Meet the Chiefs is an occasional series by Petra Stock. She previously covered the role of Chief Metrologist.
Professor Bronwyn Fox loves science so much, she even takes it on holidays.
Recent vacation highlights include a trip to the world materials forum (to understand the challenges around critical minerals), another time it was a site visit to a quantum computer.
“I was thinking about starting up a science-based tourism business,” the CSIRO chief scientist jokes.
“Learning and sharing” are the values that drive her, evidenced by a career spent chasing intellectual curiosity from chemistry, to materials engineering, to robotics and automation, and beyond.
As chief scientist at Australia’s national research agency, the Commonwealth Scientific and Industrial Research Organisation – better known to the public by its acronym CSIRO – Fox’s remit is vast.
The institution, which employs more than 6,300 people at 49 sites across the country (and 2 globally), focuses its scientific research and technology development into six key challenges: health and wellbeing, food security and quality, secure Australia and region, resilient and valuable environments, sustainable energy and resources, and future industries.
Her passion and interest in “everything”, as she puts it, is crucially important for her role as chief scientist. While the organisation’s CEO Dr Doug Hilton grapples with organisational challenges, Fox’s role is focused on championing the ‘science’ underway, and measuring the impact of CSIRO’s research and development.
Whatever we do now is going to be really important in 20 years’ time.
Prof Bronwyn Fox
That’s no small task. Scientists, engineers and researchers at the CSIRO work on everything from quantum computing; the energy transition; ‘circularity’ of batteries manufacturing and recycling; to how humans can collaborate with artificial intelligence, food security, space exploration and the targeted delivery of drugs.
The chief scientist has 4 key areas of responsibility: ethics and integrity, accountability and metrics, strategic focus and developing the next generation of budding researchers.
Fox is currently focused on refreshing the organisation’s future science and technology plan, first released in 2019.
It’s a process informed by her first year in the role, when she spent time visiting many of CSIRO’s companies and spin-offs.
“I’d find a quiet scientist in the back of the room, and ask them when they started to work on the technology. And they’d always say ‘20 years ago.’ So it made me start thinking, whatever we do now is going to be really important in 20 years’ time, so how do we make those decisions?”
The update is designed to focus on the next big ideas, challenges and opportunities on the horizon – synthesising what CSIRO’s best minds and global experts think about the direction of science in the future, 20 years down the track.
I’m just really so passionate about encouraging anyone to take on a career in science.
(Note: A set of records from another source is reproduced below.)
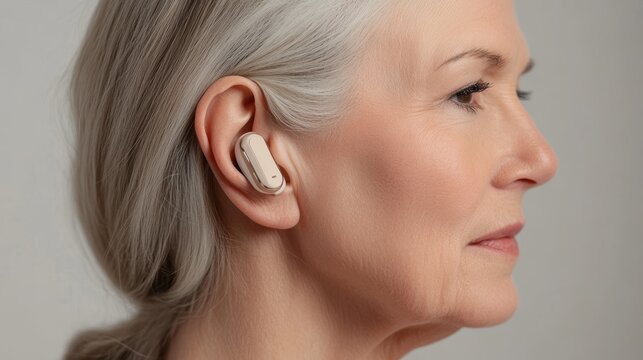 Closeup of senior woman with hearing aid highlighting modern hearing technology for improved communication and accessibility in health care for the elderly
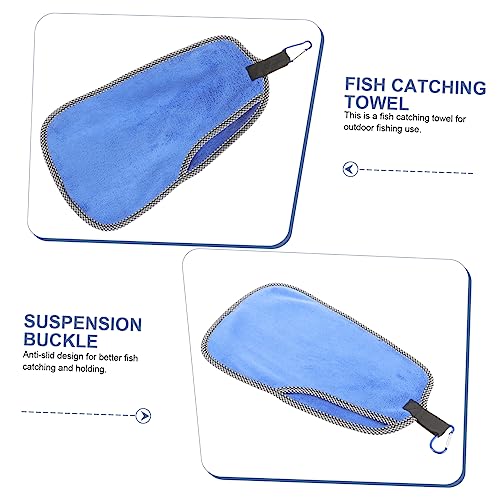 Non-Slip Fishing Towel with Clip Fish Catching Puncture Proof Hand Protection Cover Outdoor Sports Towel for Hiking Camping Angling 12.59X7.48In - color: Blue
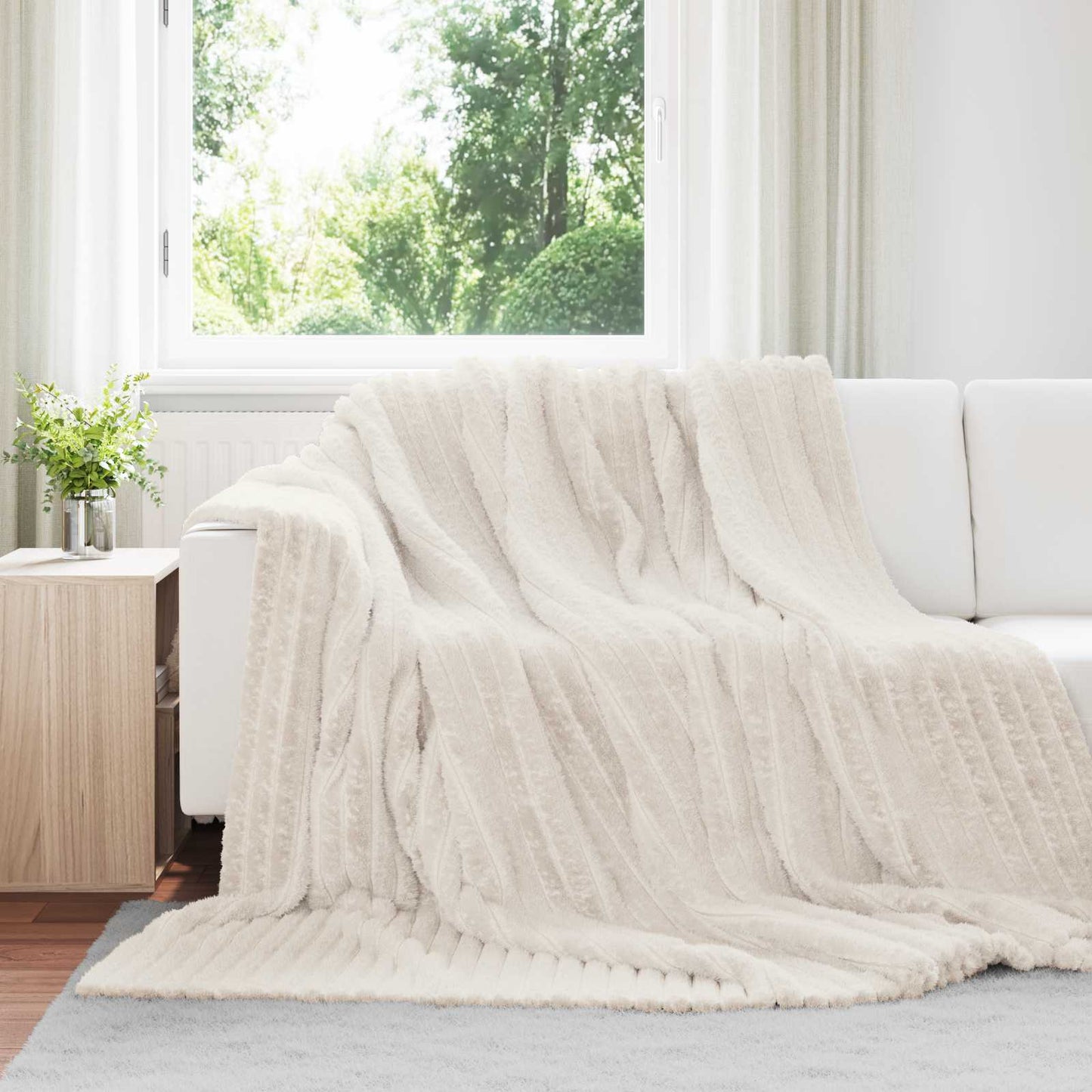 Wohndecken 6 stk. Creme 240 x 220 cm 8.76 kg Fleece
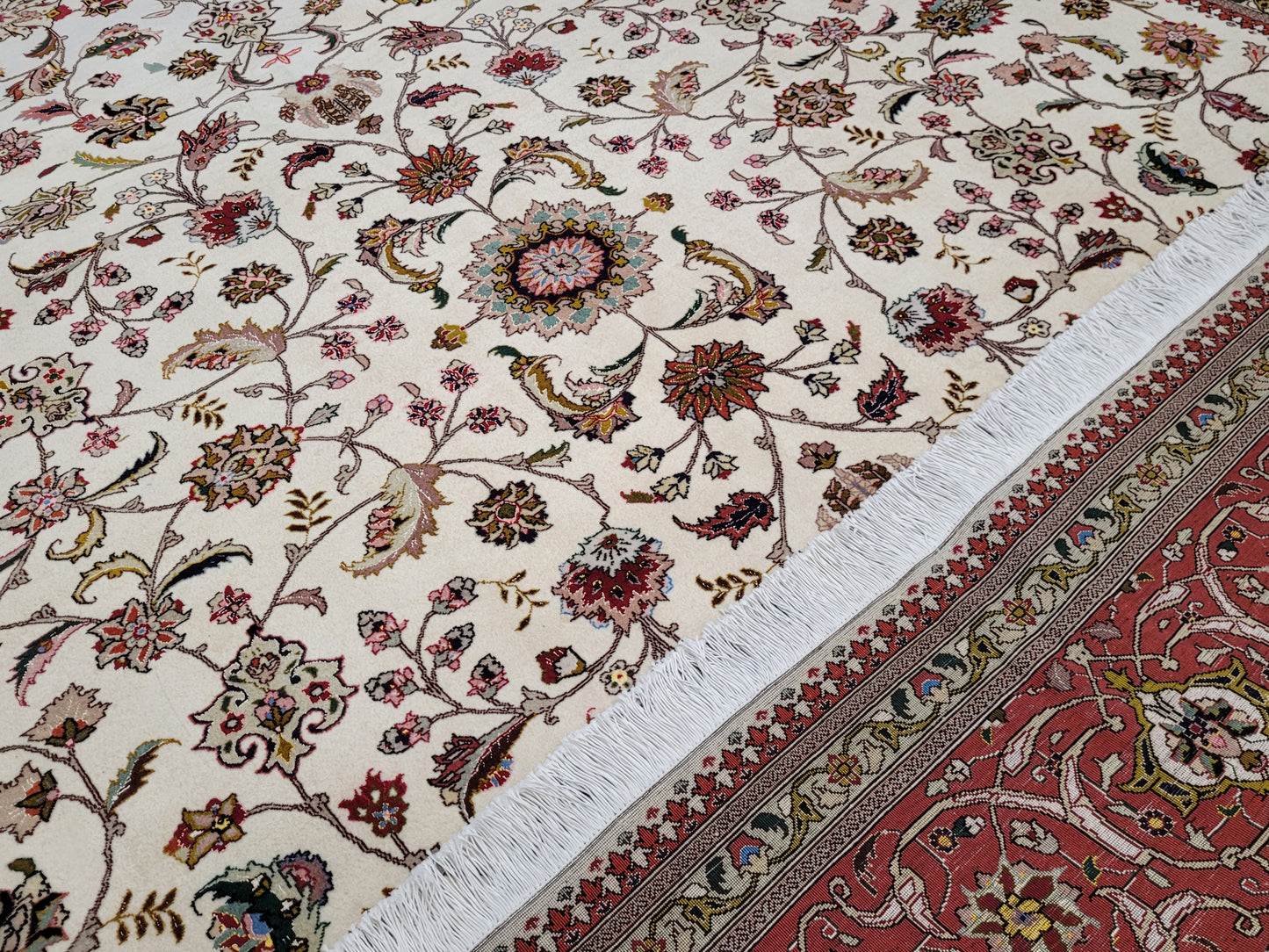 Täbriz Teppich Korkwolle Seide feine Knüpfung 300x250 cm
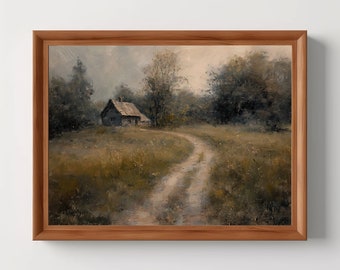 Vintage Country Landscape | Printable Painting, Dark Academia, Moody Wall Art, Digital Download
It’s so rich and rewarding.
Prof Bronwyn Fox
And Fox is already thinking about where those future scientists and engineers might come from.
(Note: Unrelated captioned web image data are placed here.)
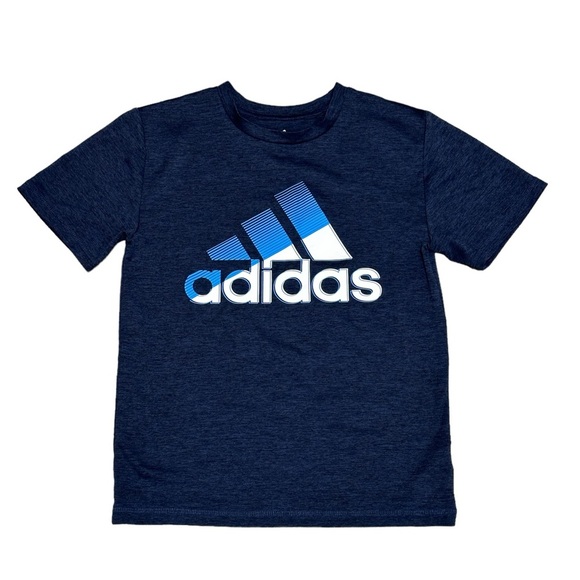 Adidas Youth YS Small 8 Short Sleeve T-Shirt Top Tee Navy Blue White Aeroready - Picture 3 of 7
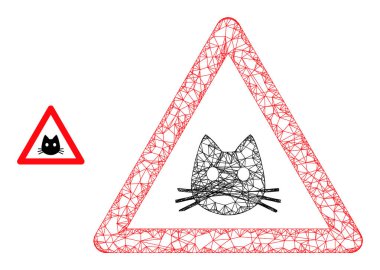 Ağ Ağları Kedi Uyarı Simgesi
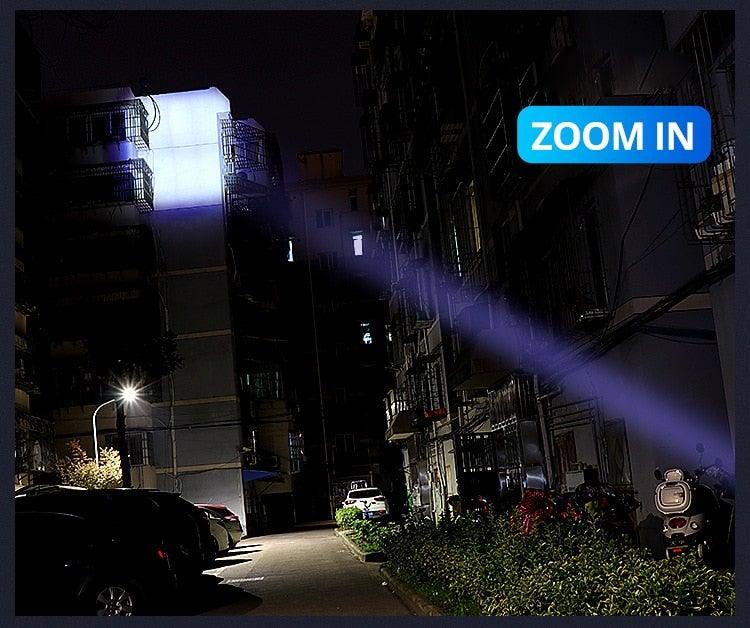 Rechargeable Adjustable LED Flashlight with Worklight Mini LED 4 Lighting Modes Flashlight with Water-Resistant COB Side Light Portable Zoomable  High Lumens Lamp For Camping Hiking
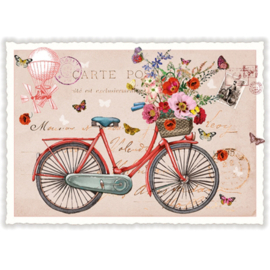 Kaart met glitters - Feestfiets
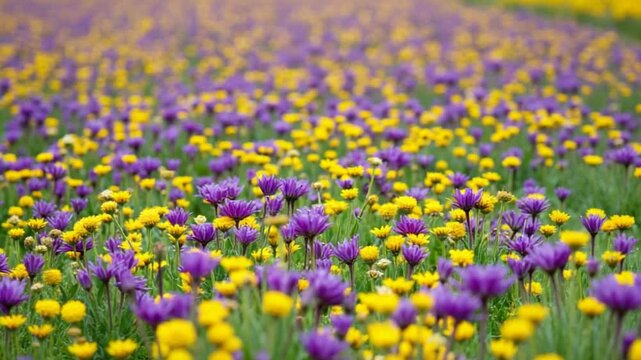 A vibrant field with a colorful array of purple and yellow flowers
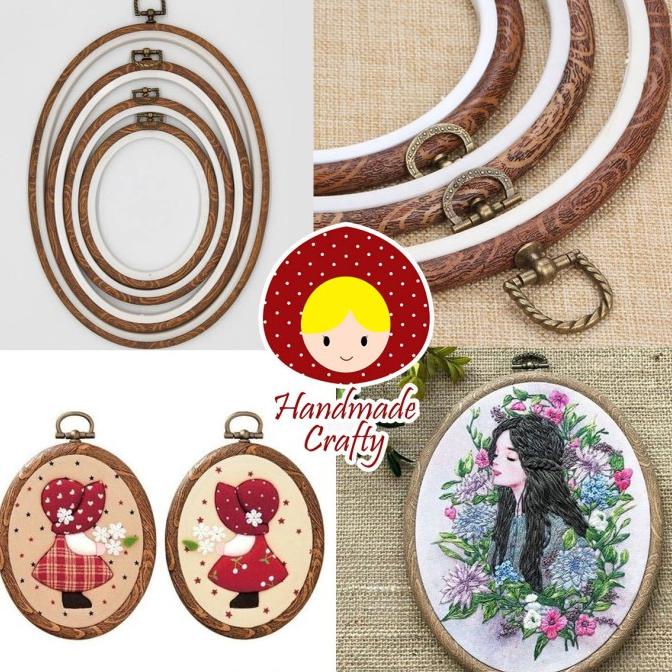 Pemidangan sulam oval/embroidery hoop oval motif kayu antik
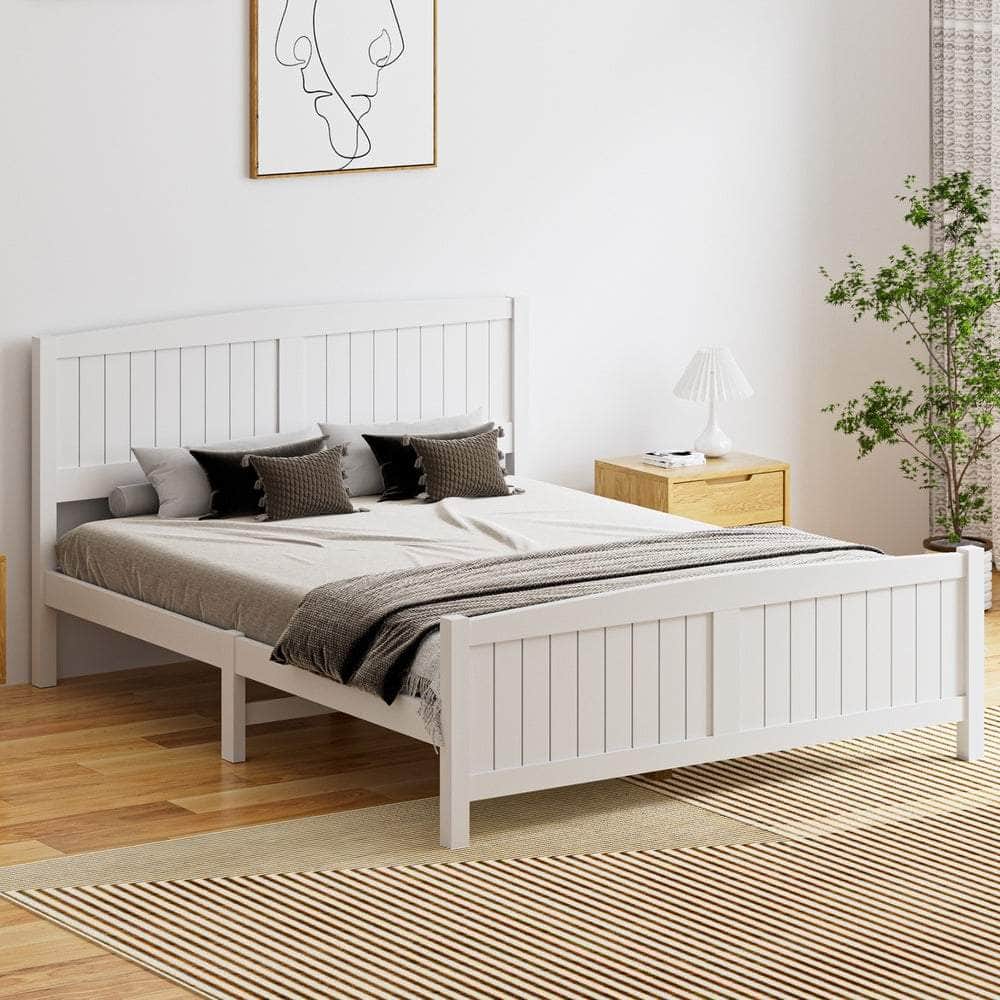 Bed Frame Double Size Timber Platform White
Her face lights up when she describes current initiatives building the CSIRO’s capacity around Indigenous science and engagement, which includes practical measures like increasing the number of Aboriginal and Torres Strait Islander employees and applying a co-design approach for research.
“We’re now really, consciously putting that into place with the way we partner more broadly, across universities and across industry,” she says.
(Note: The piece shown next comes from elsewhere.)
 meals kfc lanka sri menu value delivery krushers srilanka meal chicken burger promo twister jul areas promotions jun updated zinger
“The other really joyful thing that we did was recruit 200 early and mid-career scientists under our ‘Impossible without you’ campaign.”
Building the next generation of scientists has particular meaning for Fox.
For her, taking on the role of chief scientist at the nation’s science agency in 2022, meant returning to the organisation where she started her professional career as a chemistry graduate some 3 decades earlier.
Speaking to Cosmos in the café courtyard at CSIRO’s sprawling Clayton campus, Fox gestures to one of the buildings. “My first job after uni was in a lab just over there.”
“I’m just really so passionate about encouraging anyone to take on a career in science. It’s so rich and rewarding […] it’s about finding creative solutions, and solving big problems, that are seemingly impossible”.